Lo scontro in Francia.
Il 19 gennaio 2006 il primo ministro francese Dominique De Villepin segue le orme del governo Berlusconi del novembre 2001. Introduce il CPE (Contrat Premiere Embauche) per i giovani neoassunti con meno di 26 anni. Il CPE, esteso a tutte le imprese, permette la libertà di licenziamento per due anni. Il Medef è scettico sulla misura. L'opposizione degli studenti si manifesta sulle piazze; per "Le Monde" sono una " nuova generazione" che fa il suo ingresso in politica nel segno dell'opposizione alla "precarietà" all' "insicurezza". Il ministro della Coesione sociale Jean-Louis Borloo commenta, rivolgendosi all'opposizione: "Rassicuratevi. Voi avrete sempre i vostri adorati contratti a tempo determinato!
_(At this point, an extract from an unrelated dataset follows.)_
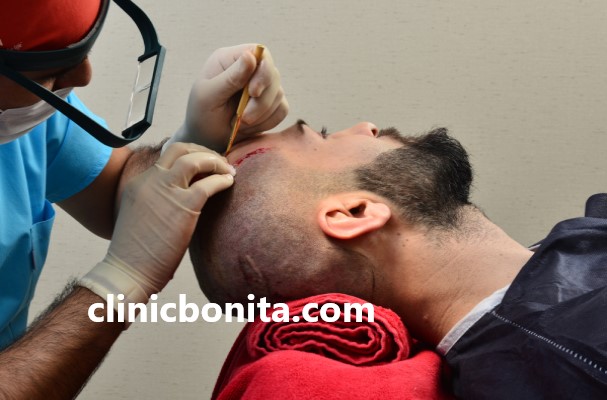 کاشت مو به روش FUT در اصفهان | کلینیک بنیتای اصفهان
Vi saranno sempre i vostri adorati interinali! Vi saranno sempre i vostri adorati stage! Ma vi sarà in più il CPE!". Il rumoroso soffio della Cina ha spinto i partiti parlamentari a scegliere le opzioni degli "adorati contratti": De Villepin introduce una nuova variabile.

Ideologie all'incanto.
Vedremo l'evolversi degli avvenimenti francesi. Per ora possiamo registrare il movimento delle ideologie che vogliono interpretare le ragioni dell'occupazione delle università. "Le Monde", nell'editoriale "Gioventù in collera", scrive che il potere si urta con una gioventù che si sente "precarizzata, respinta dal lavoro, sconfitta". Contro la precarizzazione occorrono misure per una politica che favorisca "la ricerca, l'innovazione, la libertà". Daniel Cohn-Bendit, capogruppo dei Verdi al parlamento europeo, già leader dell'occupazione della Sorbona nel maggio 1968 valuta l'odierno movimento anti CPE. Non auspica una società futura come nel 1968, vede un movimento di difesa, basato sulla paura del cambiamento, sulla paura dell'incertezza. In questi anni abbiamo visto che l'ideologia dell'imperialismo europeo è altalenante: passa dai giorni fausti dell'imperialismo benigno ai giorni infausti della precarietà. Per questo il marxismo aiuta ad operare nel contingente senza rimanerne schiavi. Lega lotta e l'impegno politico alla consapevolezza della militanza rivoluzionaria.